2	Using NTPL commands (see below), the application sets up affinity between streams and NUMA nodes, sets up distribution and creates the streams.
3	The application creates a thread for each stream on the NUMA nodes and sets the appropriate affinity.
4	Each thread opens its stream using the packet interface.
5	When a packet is received, all time-stamping, packet processing and statistics is performed by the receiving accelerator.
6	If the packet belongs to a stream that should be handled by the remote NUMA node, the packet is transferred over the expansion bus to the other accelerator.
7	The packet is DMAed over the PCIe interface to the local cache of the NUMA node, just as if it had been received on this accelerator.
8	The packet is received by the thread.

ntservice.ini

[Adapter0]
AdapterType = NT100E3_1_PTP
BondingType = Peer
RemoteAdapter = 1                     # The bonded peer
NumaNode = 0                          # Local NUMA node for this PCIe slot
BusId = 0000:06:00.0
TimeSyncReferencePriority = OSTime    # Or another reference clock source
TimeSyncConnectorInt1 = NttsOut 

[Adapter1]
AdapterType = NT100E3_1_PTP
BondingType = Peer
RemoteAdapter = 0                     # The bonded peer
NumaNode = 1                          # Local NUMA node for this PCIe slot
BusId = 0000:84:00.0
TimeSyncReferencePriority = Int1      # Synced to Adapter0
TimeSyncConnectorInt1 = NttsIn

[NT100E3_1_PTP]
HostBufferSegmentSizeRx = dynamic     # Peer bonding requires dynamic segment size
HostBuffersRx = [32,16,$Local$]       # Hostbuffers allocated on the local NUMA node

NumaNode = ...

Specifies the NUMA node local for each PCIe slot. It can be identified from hardware documentation or by using a utility such as lstopo from the portable hardware locality (hwloc) package.

RemoteAdapter = ...

Specifies the bonded peer accelerator.

TimeSyncReferencePriority = ...

TimeSyncConnectorInt1 = ...

Sets up time synchronization of the accelerators to ensure proper merging of traffic.
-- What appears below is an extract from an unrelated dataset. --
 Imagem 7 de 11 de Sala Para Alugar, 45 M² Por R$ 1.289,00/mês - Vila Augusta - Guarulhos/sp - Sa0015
HostBuffersRx = [32,16,$Local$]

Allocates 32 host buffers on the NUMA node local to each accelerator.

A small host buffer size helps avoid L3 cache eviction.

NTPL

Setup[NUMANode=0] = StreamId==(0..15)
Setup[NUMANode=1] = StreamId==(16..31)
HashMode = Hash5TupleSorted
Assign[StreamId=(0..31)] = All

Setup[NUMANode=...] = ...: Sets up the affinity between streams and NUMA nodes.
HashMode = Hash5TupleSorted: The hash mode Hash5TupleSorted assures that up- and downstream traffic for each service is merged to the same stream.
Assign[StreamId=(0..31)] = All: Creates 32 streams.